Tokyo - Opere dall’italiano al giapponese, arriva Premio Suga Atsuko

E’ in programma giovedì 13 novembre la cerimonia di consegna del Premio Suga Atsuko per la traduzione. L’appuntamento è alle 18.30 presso l’auditorium Umberto Agnelli dall’Istituto italiano di cultura di Tokyo, che ha organizzato l’evento. Viene istituito a partire da quest’anno, infatti, un riconoscimento per le opere tradotte dall’italiano al giapponese dedicato alla figura della scrittrice giapponese Suga Atsuko (Hyōgo 1929-Tōkyō 1998), celebre traduttrice e italianista.

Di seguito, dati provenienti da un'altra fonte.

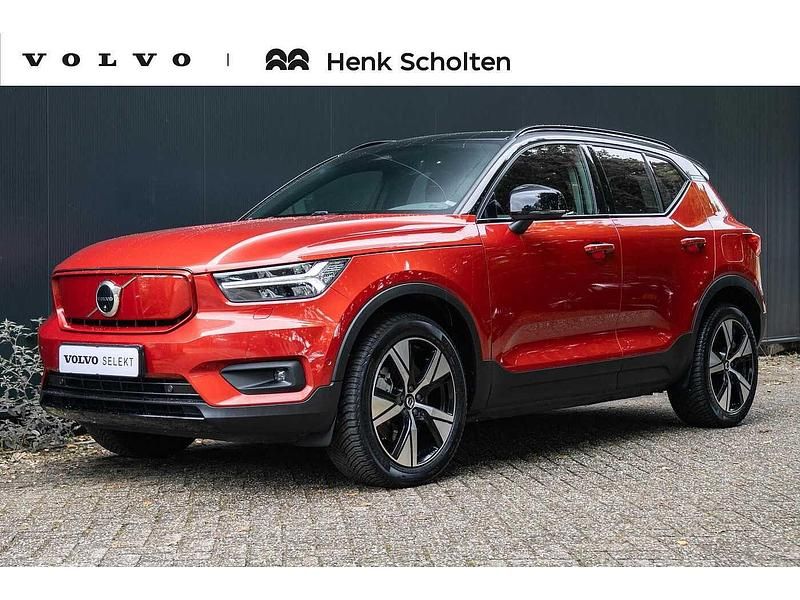 Gebruikt 2018 Volvo XC40 Pro SUV | € 35.950 - Afbeelding 1/4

Il premio - al suo debutto - intende essere una continuazione del Premio Pico della Mirandola che non è stato più consegnato a partire dal 2007. Le opere in concorso, edite dal gennaio 2012 al giugno 2014, sono state esaminate - come si legge sul sito dell’IIc - da una commissione di esperti presieduta da Wada Tadahiko (professore di Italian Studies presso la Graduate School of Global Studies della Tokyo University of Foreign Studies) e composta da: Okada Atsushi, Kimura Eiichi, Shibata Motoyuki, Yomota Inuhiko. Alla cerimonia di premiazione parteciperà anche Domenico Giorgi, Ambasciatore d’Italia in Giappone.

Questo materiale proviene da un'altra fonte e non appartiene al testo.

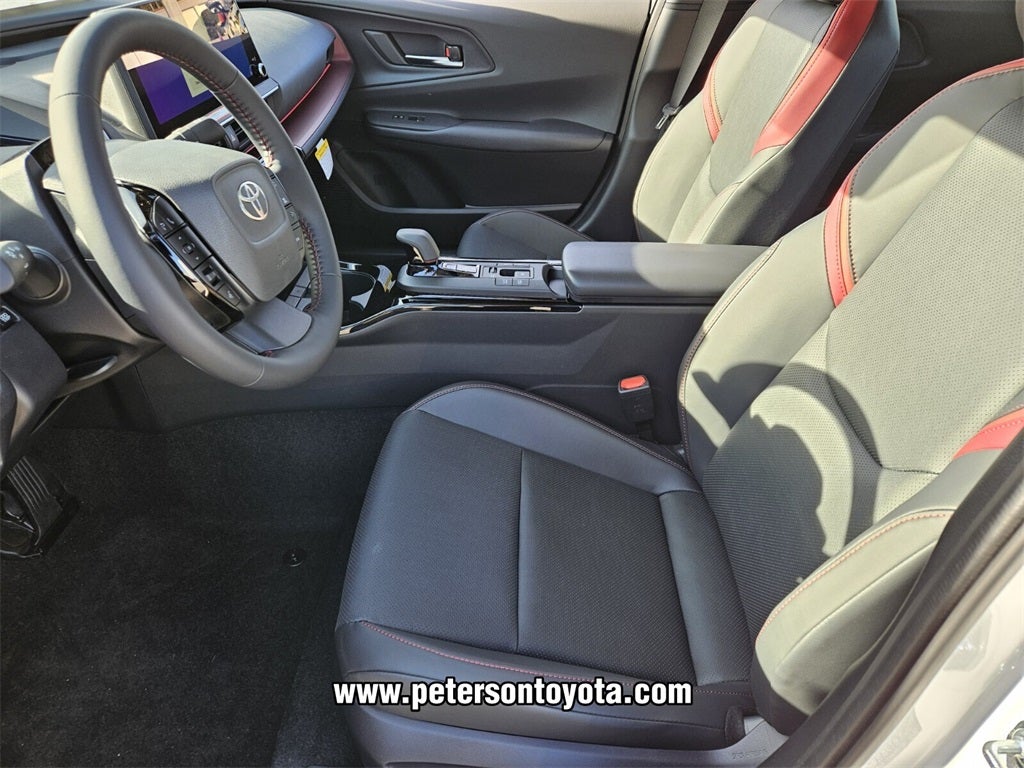 2026 Toyota Prius Plug-in Hybrid XSE Premium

Il Premio Suga Atsuko: un riconoscimento per le opere tradotte dall’italiano al giapponese

Suga Atsuko dopo la laurea studiò alla Sorbona di Parigi. Fece poi tappa nel nostro Paese dove si occupò di letteratura italiana e curò traduzioni in lingua italiana di alcune opere dei principali scrittori giapponesi (come Tanizaki Junichirō, Inoue Yasushi, Kawabata Yasunari). L'antologia “Narratori giapponesi moderni” (1964) costituì uno dei primi e più riusciti tentativi di presentare al pubblico italiano un vasto panorama della produzione narrativa giapponese del Novecento. Dopo il rientro in Giappone, nel 1971, affiancò all’insegnamento di letteratura italiana e poi di letteratura comparata l'attività di traduttrice di romanzi italiani, svolgendo così - anche nel proprio Paese - lo stesso ruolo di sensibile mediatrice fra due culture che aveva ricoperto in Italia.